Кровь с пола была замыта: вместе с ней исчез и сладковатый запах, до этого момента причудливо мешавшийся с запахами керосина, спирта и нашатыря. Можайскому из находившейся поблизости квартиры доставили чистый китель и пару сюртуков, в один из которых облачился уже вполне пришедший в себя Чулицкий, а в другой — Михаил Георгиевич, чей собственный сюртук также был безнадежно испорчен забрызгавшей его кровью.
Ранее растрепанные и поколоченные Гесс, Инихов и Любимов привели себя в божеский вид: только продолжавший распухать синяк под глазом Вадима Арнольдовича и не менее распухший нос Любимова отчаянно контрастировали с воцарившимся, в целом, в их обликах порядком. Михаил Георгиевич, снуя туда-сюда и оказываясь всюду, где требовалось немедленное руководство, обработал — между делом, можно сказать — исцарапанный лоб Чулицкого, наложил аккуратный pansementouate — пластырь, как стали говорить недавно — на нос поручика и, побренчав в кармане монетами, выдал одну из них Вадиму Арнольдовичу для приложения к глазнице.
Все это время Можайский, к суете доктора остававшийся совершенно безучастным, сидел за своим столом: мрачный, по виду — отрешенный от происходившего в кабинете, но все же порою бросавший быстрые взгляды на своих и сыскных, словно желая убедиться в том, что никто из них не разбежался. Перед ним лежали раскрытые папки Любимова и Гесса: Можайский перебирал их содержимое, раскладывая в каком-то — пока еще ему одному — понятном порядке.
Большие напольные часы с боем, не пострадавшие в недавней револьверной пальбе, показывали совсем уж несусветный час: время близилось к утру. И если Гесс, Любимов, Чулицкий и доктор выглядели уставшими, то Можайский с Иниховым, предыдущие сутки которых выдались особенно напряженными, деятельными и длинными, были бледны до синевы, а наступившая после волнений потасовки с Алексеем Венедиктовичем и его самоубийства реакция добавляла ощущения тяжести и даже опустошенности. Тех тяжести и опустошенности, которые свидетельствуют о достигнутом пределе наличных сил и требуют немедленного отдыха.
Тем не менее, ни Можайский, ни Инихов, ни, тем более, Чулицкий, Любимов, Гесс и Михаил Георгиевич заканчивать свой непомерно затянувшийся рабочий «день» не собирались. Все они, за исключением уже сидевшего за столом Можайского, покончив с уборкой кабинета, переодеваниями и вообще приведением себя в порядок, расселись по стульям с твердым намерением покончить со всеми неясностями прямо здесь и сейчас.

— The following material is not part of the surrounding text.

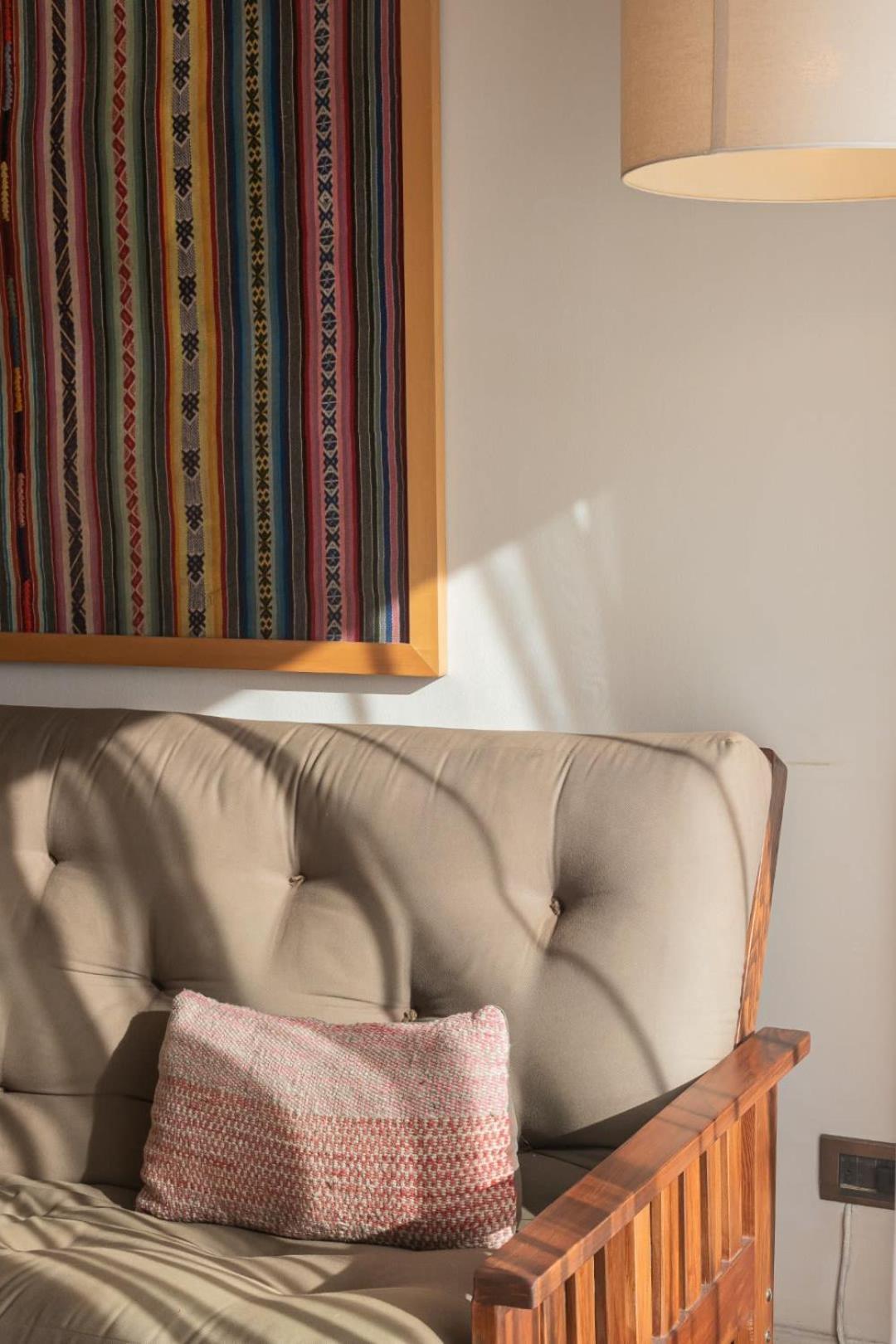 Modern And With View Of The Costanera Center Apartamento Santiago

Дежурный офицер, до окончания дежурства которого, к слову, оставалось совсем немного, отрядил какого-то нижнего чина — возможно, того же, что уже мелькал в кабинете — в «Якорь»: с запиской от Можайского и распоряжением «стучаться, ломиться, требовать», но — кровь из носу! — раздобыть коробку чая (в участке, как это выяснилось, чай закончился), лимоны, корзину какой-нибудь еды — хотя бы и холодной и вчерашней — и пару, а лучше — три бутылки коньяка. И — папиросы: для всех, кроме Инихова. А Инихову — сигары: помощник начальника сыскной полиции был слаб на эту разновидность курительного табака.
«Александр Тимофеевич, дорогой, — писал Можайский в записке, — выручайте: ситуация чрезвычайная, толпою засиделись до утра, а делам ни краю, ни конца не видно. Окажите милость: отпустите человеку всего, что перечислит — лимоны, чай, какую-никакую снедь, коньяк, сигары, папиросы. Сочтемся к вечеру или около того — с премией за неурочное беспокойство.

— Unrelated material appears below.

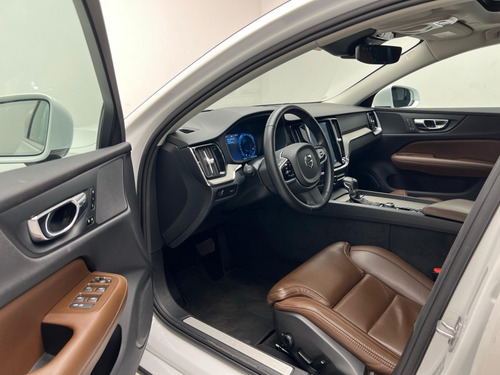 Volvo S60 2.0 T5 INSCRIPTION GASOLINA 4P AUTOMÁTICO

P.S. В.А.Г. передает привет и спрашивает окорок — помните, как на прошлой неделе?
P.P.S. Сигары, если только это возможно, и папиросы от «Муссы».
Можайский».
Этот любопытный документ сохранился у владельца «Якоря» и позже демонстрировался им в «избранном кругу»: в качестве твердого свидетельства того, что именно в те мартовские часы перехода с ночи на утро Можайский и все, кто волей службы или судьбы оказались втянуты в ставшее впоследствии знаменитым дело «Ушедших», провели то самое — первое — полноценное совещание, на котором со всей очевидностью высветились некоторые из тех аспектов, что стали основополагающими в раскрытии, возможно, наиболее чудовищного, омерзительного и — полагаю, можно и так сказать — богохульного преступления за несколько десятилетий.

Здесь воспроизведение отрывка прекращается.